Look at link: https://msdn.microsoft.com/en-us/library/bb385235.aspx for how to do rdtscp on Windows.

This is written assuming you only have a single thread.

Now, create a variable "unsigned __int64 totalTicks = 0;" at file scope.

Function1 would be written as follows:

int function1()
{
    unsigned int arg;
    unsigned __int64 startTicks = __rdtscp(&arg); // arg is not used
    int ret = function1_implementation();  // call the real code!
    unsigned __int64 endTicks = __rdtscp(&arg);
    totalTicks += (endTicks - startTicks);

    return ret;
}

A tick is the inverse of the CPU clock rate, so a 2.5GHz CPU will have 2.5 billion ticks in a second.

Alternately, you can create a Timer class that does the core functionality I describe - create start() and stop() methods to return the two values, and an elapsed() method to return the delta.
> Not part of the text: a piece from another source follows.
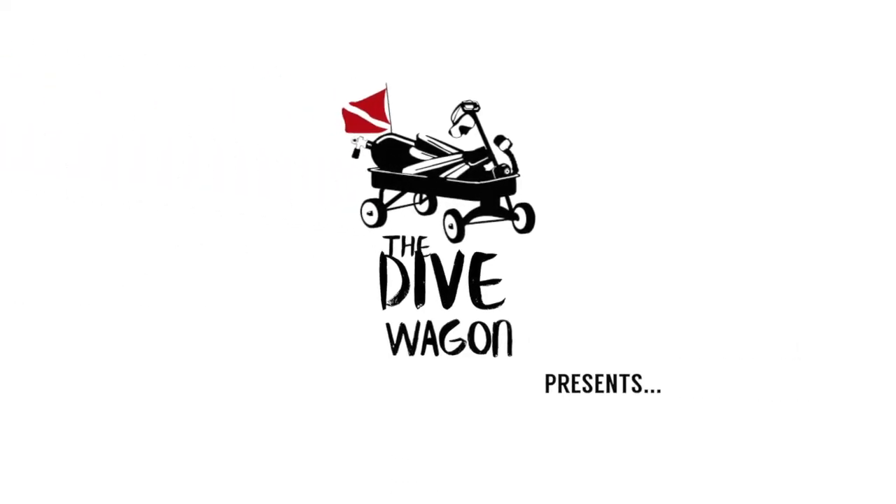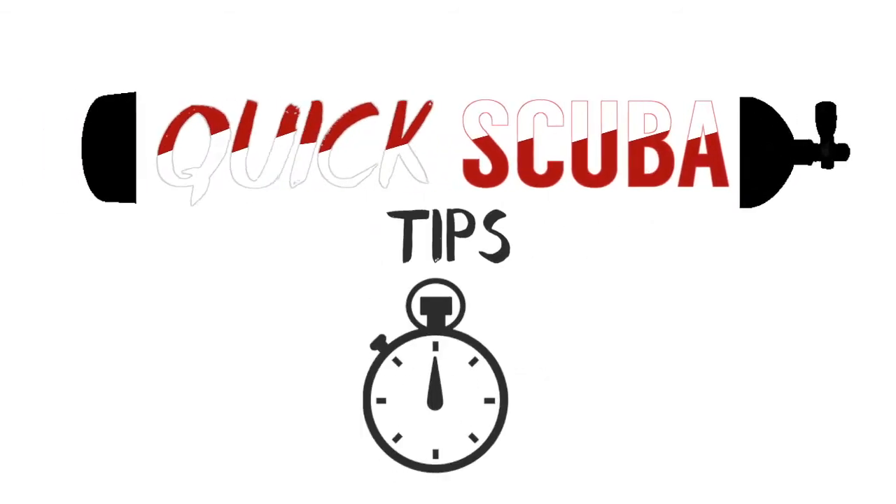Let's talk about how to make this mask last. How's it going Dive Buddies? It's Kyle here with another quick scuba tip. Thanks again for checking out the Dive Wagon. Today we are going to be talking about how to make your mask last and how to take care of your mask. Sometimes biting the bullet and getting your own equipment, whether it's a mask or a regulator, can seem a little bit overwhelming emotionally or for your wallet. So we want to do everything we can to make that equipment last. Here are a couple quick tips on how to make your masks last.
Call start() at the beginning of any function, and the elapsed() at the end. Then, any function that needs a unique timer can use a different instance of Timer.

This will give sub-nanosecond resolution on modern CPUs. Using the monotonic time answers might not give you enough resolution if your function is small and fast. This is also the problem using profilers, as they usually statistically sample, at a clock rate of 10ms (gprof on Linux), so you will get accurate counts, but only estimates of the time spent.